Data segment:
· · · ·

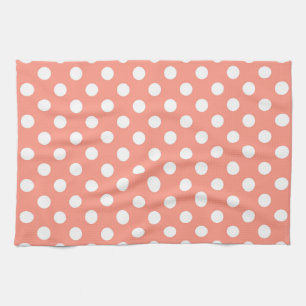 Large retro dots - coral pink and white tea towel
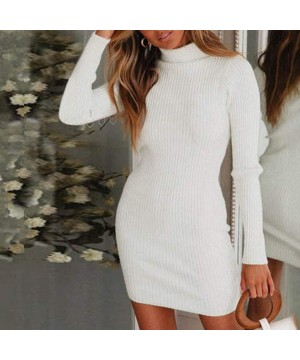 Thermal Underwear Women Holiday Style Sexy Solid Long Sleeve Casual Mini Dress - White - CF193IZWUDS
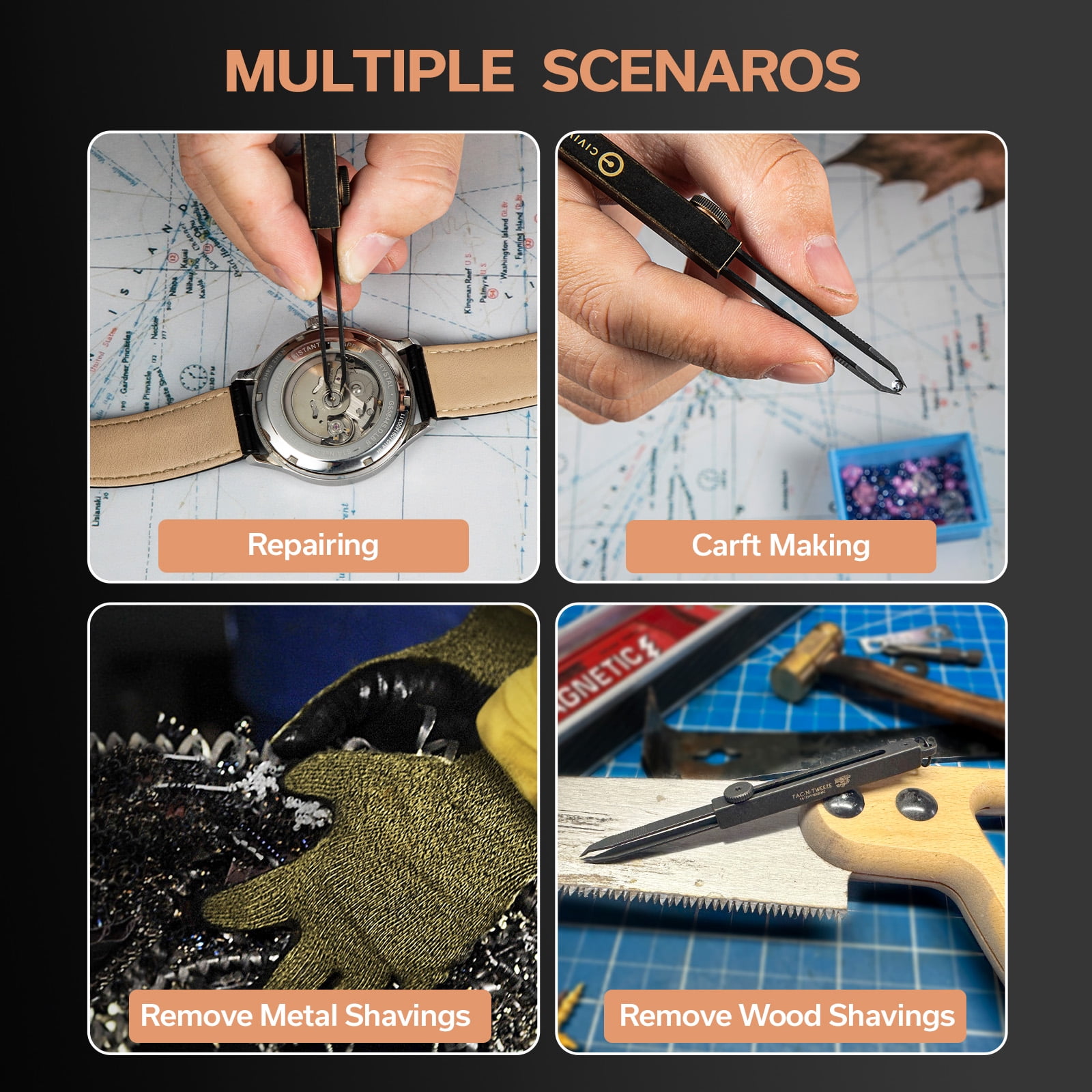 CIVIVI Tac-N-Tweeze Durable Stainless Steel Industrial Tweezers - Perfect for Splinter Removal & Outdoor Use C19062B-A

· · · ·

Directions for this task: Omitting all images, print the listing exactly.

Solution for this task:
 Large retro dots - coral pink and white tea towel
 Thermal Underwear Women Holiday Style Sexy Solid Long Sleeve Casual Mini Dress - White - CF193IZWUDS
 CIVIVI Tac-N-Tweeze Durable Stainless Steel Industrial Tweezers - Perfect for Splinter Removal & Outdoor Use C19062B-A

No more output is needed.